Dans les Landes, la maïsiculture est très répandue. Marie-Hélène Cazaubon, Présidente de la Chambre d'agriculture des Landes,  explique qu'ici, "on n'a pas encore de chiffrage de l'impact que cela pourrait représenter" (l'interdiction de la molécule, ndlr) mais elle ajoute "nous sommes un département producteur de maïs. Le maïs est une céréale qui utilise le moins de produits de traitements". Et elle veut souligner le fait que "chaque molécule utilisée, l'est par des producteurs qui sont des professionnels, avec un certificat leur permettant d'utiliser les produits de traitement, des produits homologués aujourd'hui, en respectant les dosages préconisés".

"Les agriculteurs sont dans une adaptation permanente de leurs pratiques culturales (...) Et si la règlementation doit changer, si on enlève une molécule et que cela doive impacter  les résultats techniques  et économiques des exploitants, il faut trouver des solutions"

Nous croulons sous les normes françaises qui se rajoutent aux normes européennes et nos collègues européens n'ont absolument pas les mêmes pratiques ! Ils peuvent commercialiser leurs produits avec des molécules interdites en France".

Une procédure de retrait

Ce 14 février, l'Anses annonce qu'elle "engage la procédure de retrait des principaux usages des produits phytopharmaceutiques à base de S-métolachlore", dont un certain nombre sont commercialisés par Syngenta, le poids lourd allemand du secteur. 

Mais "la décision définitive est en cours", a précisé une porte-parole de l'agence.
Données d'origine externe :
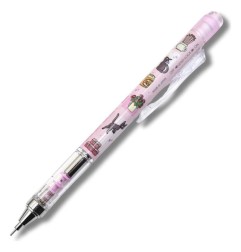 Studio Ghibli - Kiki's Delivery Service Mechanical Pencil Jiji & Kiki Shopping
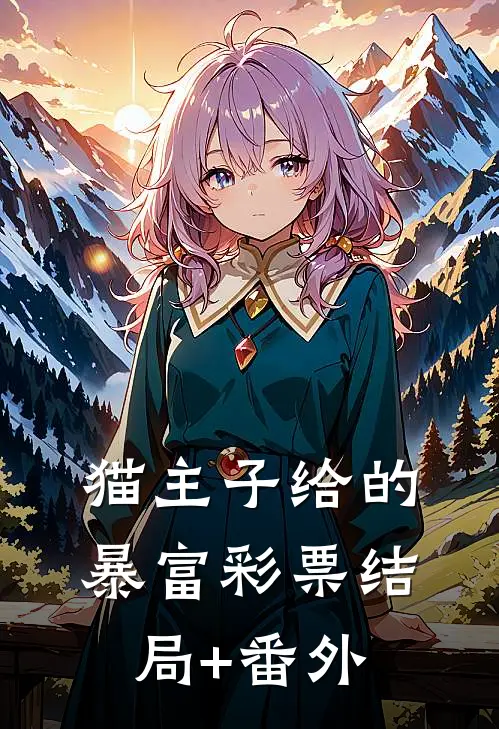 猫主子给的暴富彩票结局+番外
L'interdiction des principaux usages de ces désherbants ouvrirait un "délai de grâce" permettant la vente des produits pendant encore 6 mois et leur utilisation pendant 12 mois, selon l'Anses.

Sur ce dossier, l'agence sanitaire est sous pression de l'ONG Générations Futures et d'élus en Bretagne, qui lui avaient reproché, cet automne, de revoir à la baisse le risque sanitaire du métolachlore-ESA et du métolachlore-NOA, deux métabolites du S-métolachlore.
   

Après un rapport non-satisfaisant en 2021, l'Anses avait déjà "introduit des mesures de restriction dans les autorisations de mise sur le marché des produits à base de S-métolachlore, en particulier une réduction des doses maximales d'emploi pour le maïs, le tournesol, le soja et le sorgho".
"Malgré ces mesures de durcissement, les concentrations des trois métabolites du S-Métolachlore sont en situation de dépassement des seuils réglementaires", relève l'Anses.

En France, le plan Ecophyto, révisé en 2018, s'est donné comme objectif de réduire de 50% l'usage des pesticides de synthèse d'ici à 2025. En 2021, hors produits autorisés en bio et solutions de biocontrôle (utilisant des mécanismes naturels), environ 43.000 tonnes de produits phytosanitaires ont été vendues en France, selon des données provisoires du ministère de l'Agriculture, soit 19% en dessous de la moyenne 2012-2017.